Kegiatan serupa juga dilaksanakan di SMP Negeri 18 Kupang, di mana personel Polda NTT hadir memberikan edukasi terkait bahaya narkoba, pentingnya menjauhi kebiasaan buruk, serta mengajak pelajar untuk fokus pada pendidikan dan masa depan.

Selain itu, di MTs Negeri Kota Kupang, anggota Polri juga bertindak sebagai inspektur upacara dengan memberikan pembinaan terkait disiplin, etika, serta pentingnya bijak dalam menggunakan media sosial dan menaati aturan, baik di sekolah maupun di lingkungan masyarakat.

Di SMP Kristen Citra Bangsa Kupang, Kanit Subdit II Dirres PPA dan PPO Polda NTT, AKP Nuryani T. Ballu, S.H., M.H., bertindak sebagai inspektur upacara.

Dalam kegiatan tersebut, AKP Nuryani didampingi dua personel Subdit II, yakni Brigpol Nevin K. Sewta, S.Agr., Briptu Adrianus S. Klau, S.M., serta Bhabinkamtibmas Kelurahan Kayu Putih. Upacara diikuti oleh kepala sekolah, para guru, serta seluruh siswa-siswi.
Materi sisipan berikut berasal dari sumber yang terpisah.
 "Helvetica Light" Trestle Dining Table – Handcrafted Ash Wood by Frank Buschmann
Dalam amanatnya, AKP Nuryani menyoroti berbagai persoalan serius yang kerap dihadapi pelajar, seperti perundungan (bullying), kekerasan seksual, hingga eksploitasi seksual komersial.

Ia menjelaskan bahwa bullying seringkali dianggap sebagai candaan, padahal dapat berdampak serius terhadap kesehatan mental korban, baik melalui ejekan fisik, pengucilan, maupun perundungan di media sosial.
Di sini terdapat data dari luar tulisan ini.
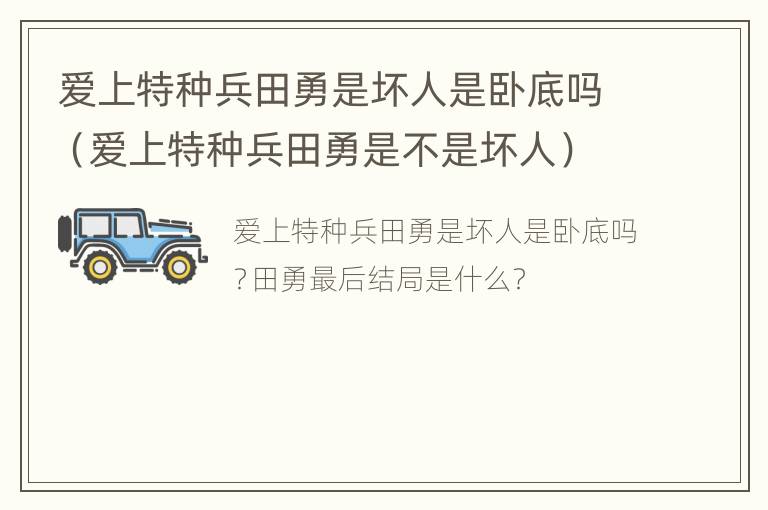 爱上特种兵田勇是坏人是卧底吗（爱上特种兵田勇是不是坏人）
Selain itu, ia juga mengingatkan bahwa kasus kekerasan seksual kerap terjadi dengan berbagai modus dan tidak jarang dilakukan oleh orang yang dikenal korban.
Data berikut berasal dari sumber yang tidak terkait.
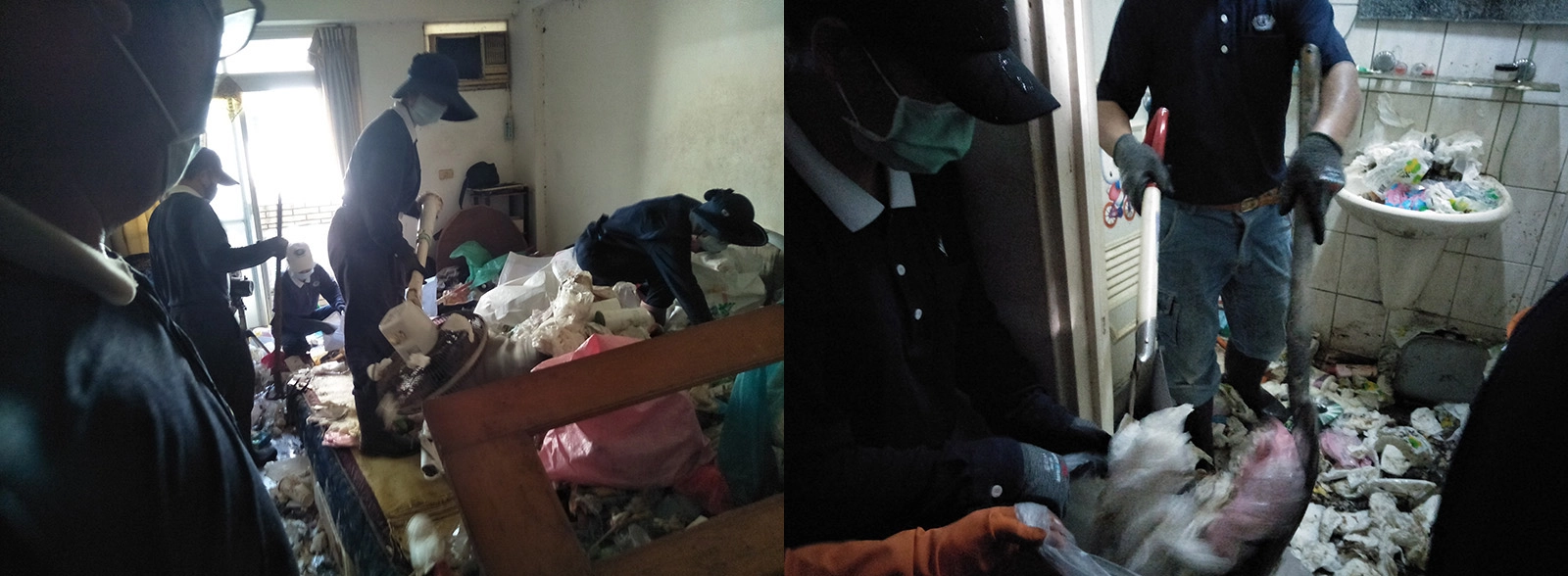 每層樓房間都是堆積滿垃圾志工們不怕臭味埋首清理，整個洗手間都是塞滿了惡臭的衛生紙志工們仍不斷清理。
“Ini adalah pelanggaran serius yang dapat merusak masa depan. Adik-adik harus berani menolak dan melaporkan jika mengalami atau mengetahui kejadian tersebut,” tegasnya.

Tak kalah penting, siswa juga diingatkan untuk waspada terhadap praktik eksploitasi seksual komersial yang kerap bermula dari iming-iming materi seperti uang atau barang.

Dirbinmas Polda NTT Kombes Pol Sudartomo, S.I.K., M.Si., menjelaskan bahwa seluruh kegiatan ini merupakan implementasi dari arahan Kapolda NTT dalam rangka membangun generasi muda yang kuat secara karakter dan sadar hukum.

“Melalui program ini, kami ingin memastikan pelajar memiliki pemahaman yang baik tentang bahaya kenakalan remaja, kekerasan, serta mampu memanfaatkan teknologi secara positif,” jelasnya.

Ia juga menegaskan bahwa Polri akan terus hadir di lingkungan pendidikan sebagai mitra strategis dalam membina generasi muda.

Seluruh rangkaian kegiatan di berbagai sekolah tersebut berjalan aman, tertib, dan lancar, serta mendapat respon positif dari pihak sekolah dan para siswa.

Dengan langkah ini, Polda NTT berharap dapat mencetak generasi muda yang disiplin, berkarakter, dan siap menghadapi tantangan masa depan.